Arts & Entertainment Editor
A lot of things start with someone giving you a chance.
And a lot of people forget who gave them a chance.
Four years ago, bright-eyed and inexperienced me desperately wanted to write for the Tropolitan. And at one point, I almost quit and went on with my life.
But someone, Jamal Carswell, a former staff writer encouraged me to write for Arts & Entertainment, headed by the editor at the time, Jonathan Bryant (affectionately referred to as JB).
And he gave me a chance. My first article was awful. They totally had to re-write it. Next time, a bit better. We worked together to make me better, and by the end, I was off doing interviews and being a somewhat competent writer.
And for that, JB, I thank you immensely. You gave me a chance, and that’s the best thing you could’ve done for me.
JB and I are friends to this day, and we talk about dumb nerdy stuff all the time still. He’s also managed to introduce me to my favorite games.
JB, it’s been four years. When are you coming back for that BFA in dance, man?
Zachary Winslett had to deal with me my sophomore year, and that was my year of stupid mistakes. I learned a lot from you, and you’ve helped groom me into what I am today. Everything’s MOSTLY Troy related in the Arts & Entertainment section now, so, you did something good encouraging that.
Laura Hutto, former chief copy editor and my former roommate. You’re a queen, and don’t let anyone tell you any different. You taught me how to do column breaks that one time and it has saved my life a lot more than I’d like to admit.
Chase Robinson, our former editor-in-chief talked to me and helped me through a lot inside and out of the paper. He was one of my pillars in the hardest time of my life. Thank you, too, man.
Lacey Alexander, my beloved staff writer. First of all, “A1 since day one.” And if you seek Lacey at any point, she’s probably doing something in the theater department for me.
Sable Riley, future Arts & Entertainment editor. Good luck. I’m here for you.

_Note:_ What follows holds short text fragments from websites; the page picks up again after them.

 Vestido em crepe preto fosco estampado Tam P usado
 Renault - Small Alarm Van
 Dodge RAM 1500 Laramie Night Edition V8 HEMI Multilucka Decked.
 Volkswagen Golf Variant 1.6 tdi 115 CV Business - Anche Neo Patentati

Sable, you’re a really great writer and I can see you being a better editor than me. Actually, be better than me, please.

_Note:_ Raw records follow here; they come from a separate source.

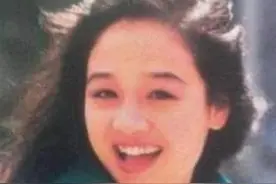 伍宇娟23岁"一脱成名"，32岁破产，45岁前任跳楼，儿子身世成谜图片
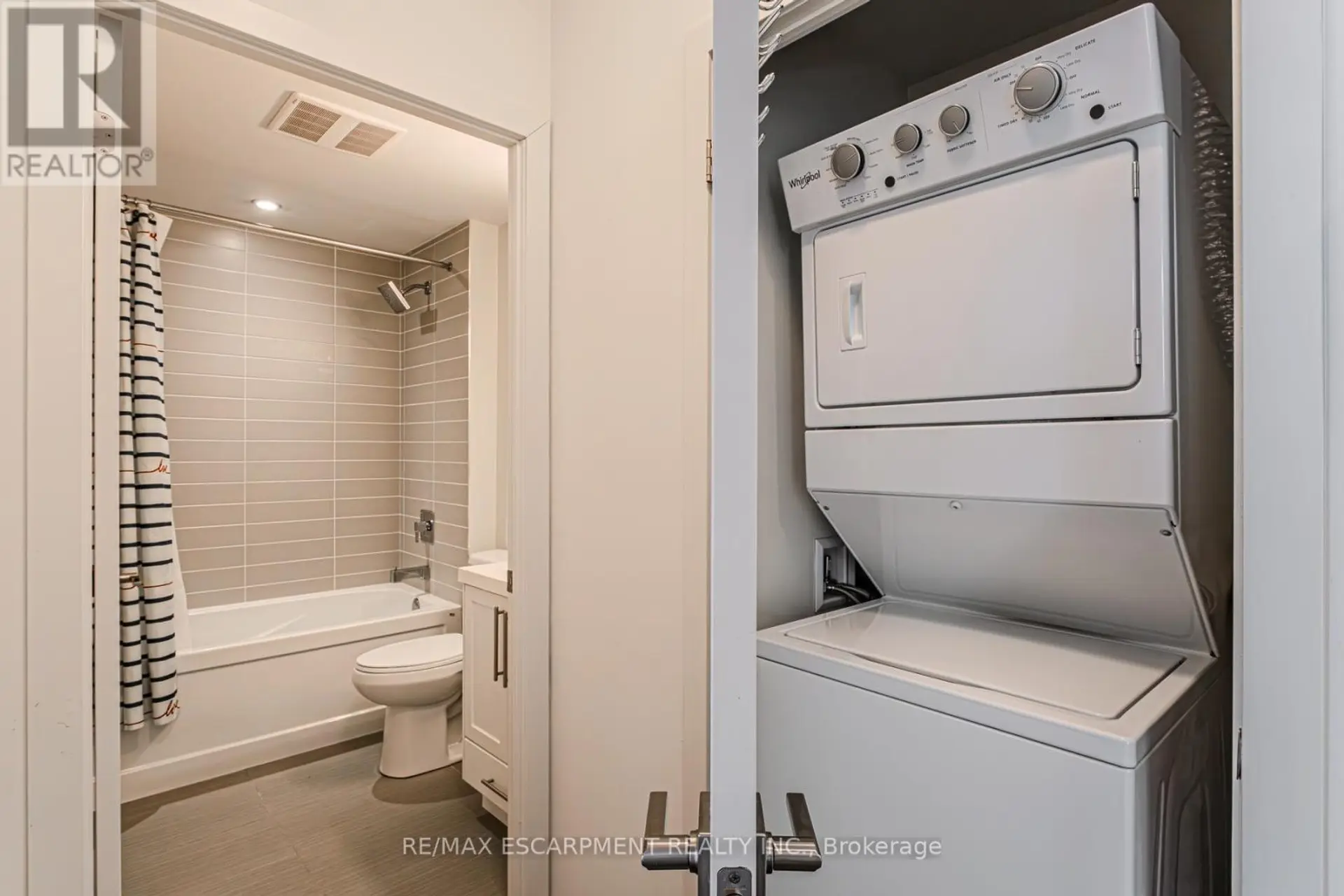 #809 2093 FAIRVIEW STREET - Image 10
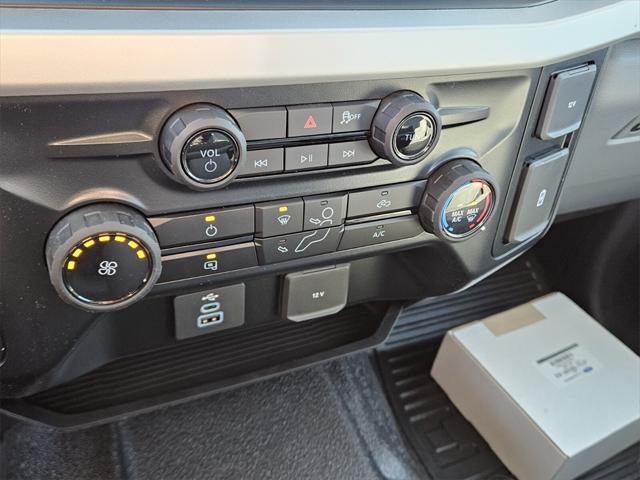 new 2025 Ford F-450 car, priced at $76,110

Grishma Rimal, our current news editor. Listen. I love you. You’re such a real and down-to-earth person, and I think I’d probably explode without you on staff.

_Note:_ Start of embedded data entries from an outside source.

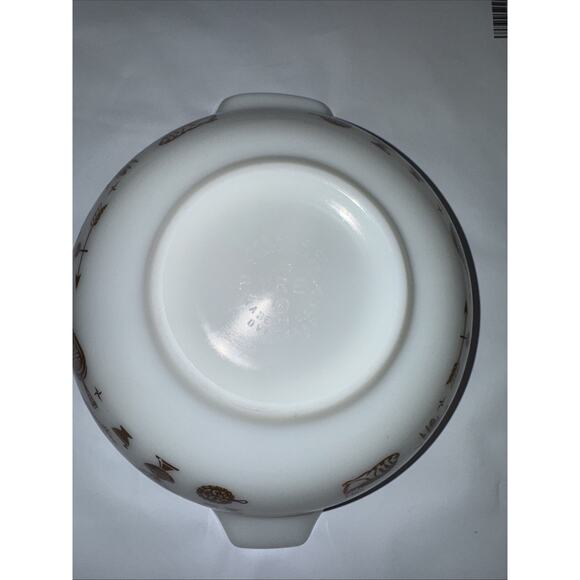 Pyrex 443 Early Americana 2 1/2qt Cinderella Round Casserole Dish Brown on White - Picture 2 of 16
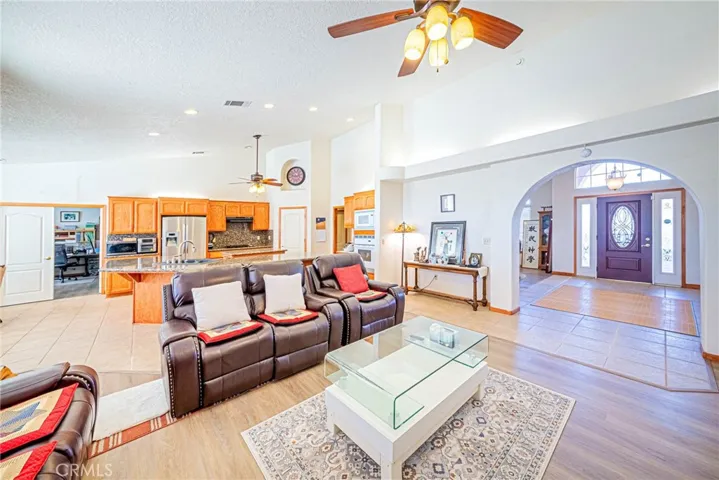 15813 Willow Street, Hesperia, California 92345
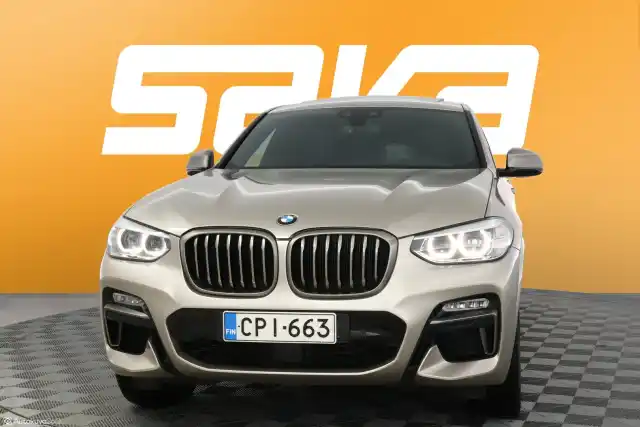 Beige Sedan, BMW X4 – CPI-663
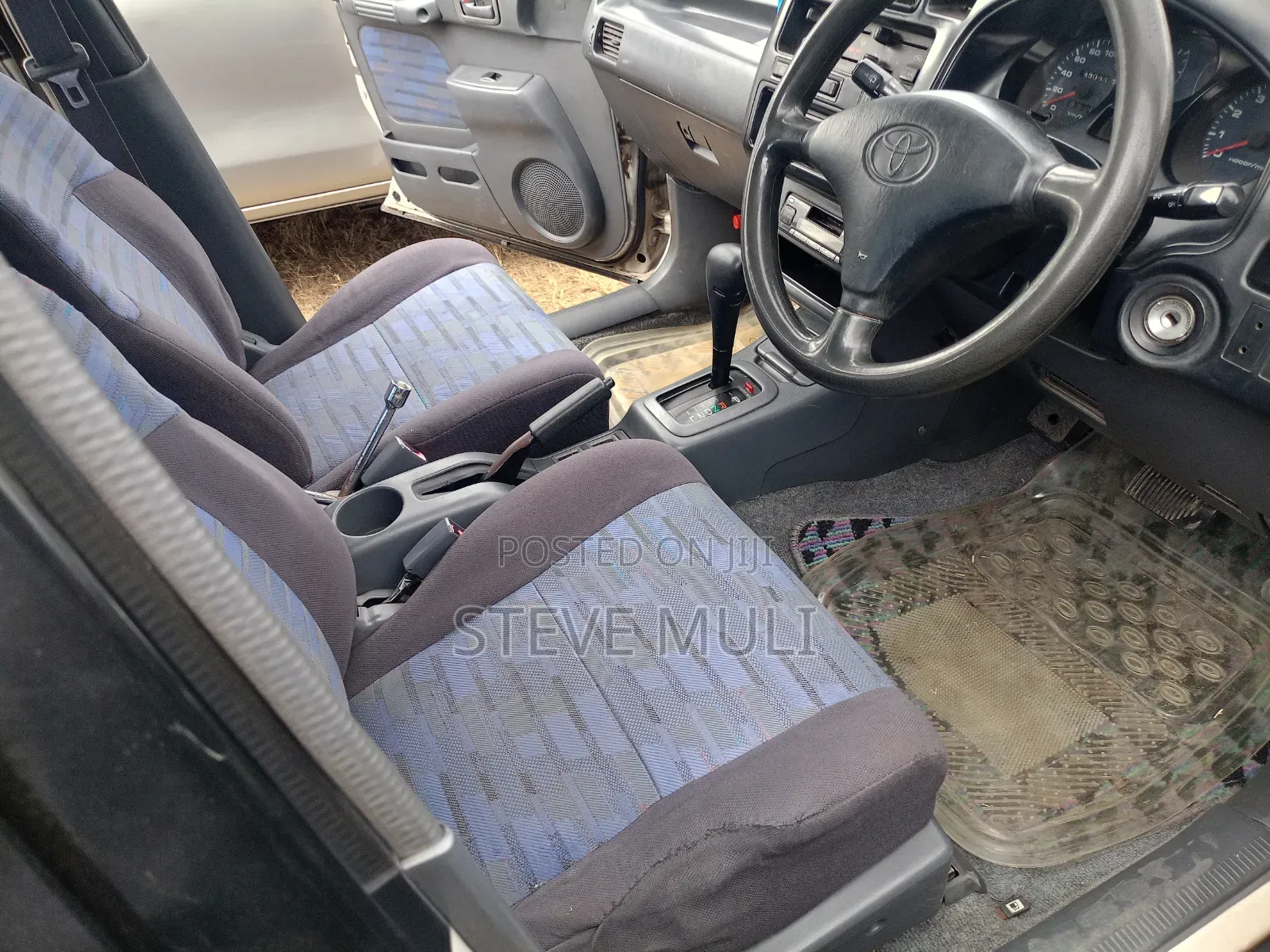 Toyota RAV4 Base 4x4 1999 Silver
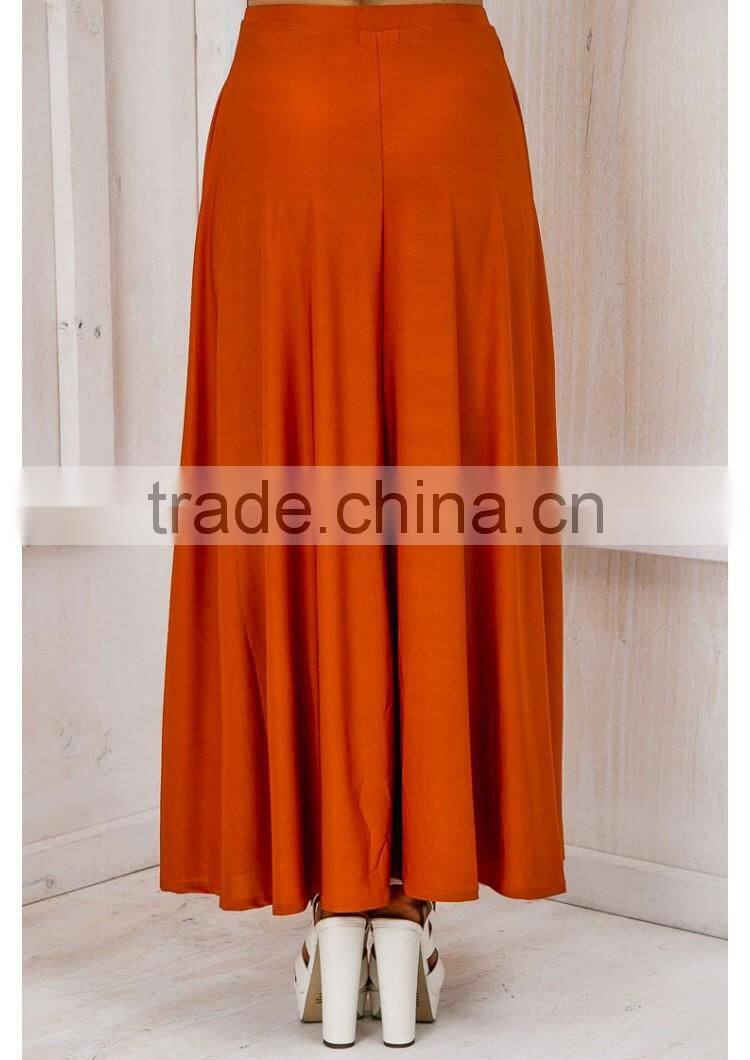 Sex dress features a beautiful stretch fabric with a slight sheen that makes it ideal for the evening,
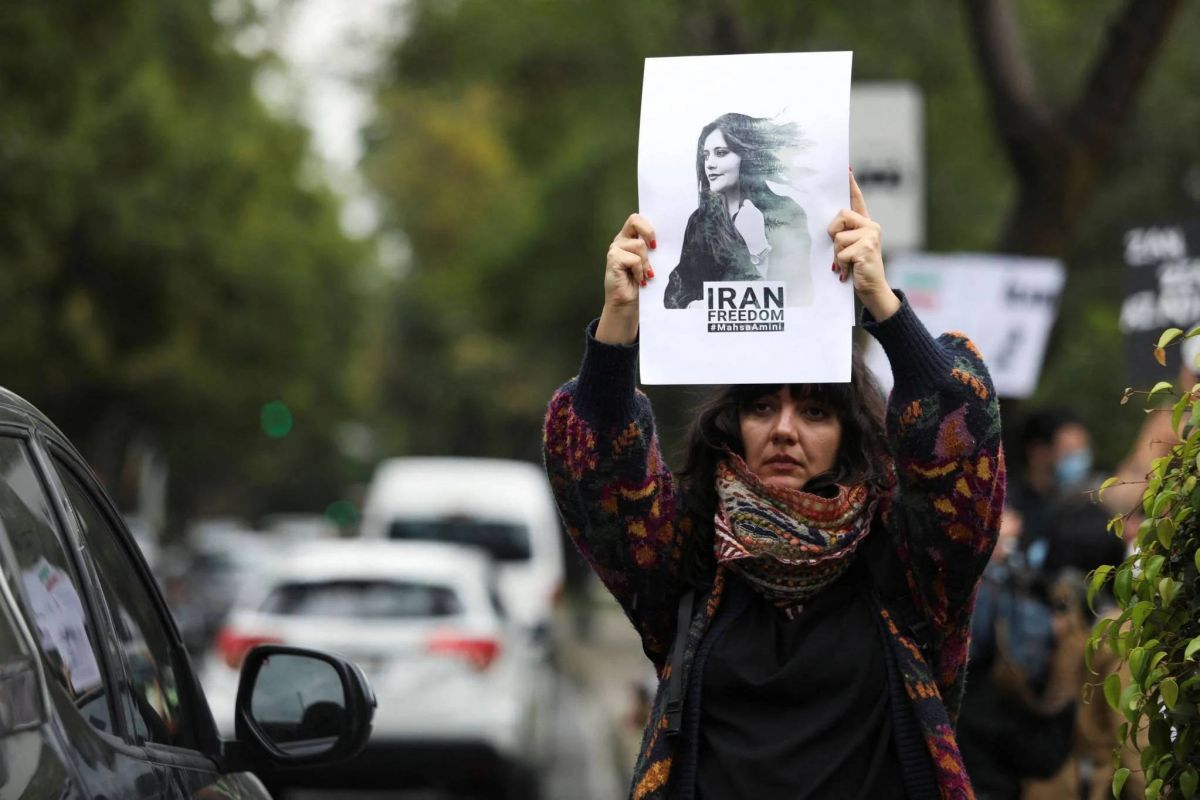 Iran police say will oppose protests over Mahsa Amini’s death with ‘all their might’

Jane Morrell, our current opinion editor. It’s been four years together. I can’t say any more than that.
Thomas Gleaton, our current chief copy editor. Get outta here. And thanks for being a proverbial punching bag. It helps to let off steam sometimes, and just as a reminder, you suck.
Jessica Smith, a former copy editor and my best friend. I’m not saying that we wouldn’t be as tight as we are without the Trop, but having you around at the Trop made us so much closer. She gets sappy content from me like once a week to be honest, so I’ll spare you all.
Finally, Steve Stewart.
I’ve been through all of his classes, been through his reviews of my page, and even though sometimes I would get really frustrated, I now appreciate all of it.
Also, to Davis Gamble, Candice Butts, Arneisha Robinson and Sarah Graham on the Palladium, you guys are hilarious and we all de-stressed together. Or stressed together.
It’s kind of beautiful.
He’s a good professor and he knows what he’s doing. If he offers help, or gives you any advice, take it. Make it work for you.
And give people a chance.
At the Tropolitan over the years, I’ve seen four different EIC’s, tons of different section editors, crazy stuff, not-so-crazy stuff, and sometimes I’ve felt like a bystander.
And that was OK with me, seeing as how stress makes me freak out in 10 different ways.
I’ve met some lifelong (hopefully, please love me forever) friends at the Tropolitan, and I remember hearing that from one of the senior editors my freshman year. I honestly didn’t believe them at the time.
But, here we are, four years later, having met some of the best friends I’ve ever had.
So thank you all. Thanks to all the people I’ve seen, interviewed and talked to since being a part of the Tropolitan.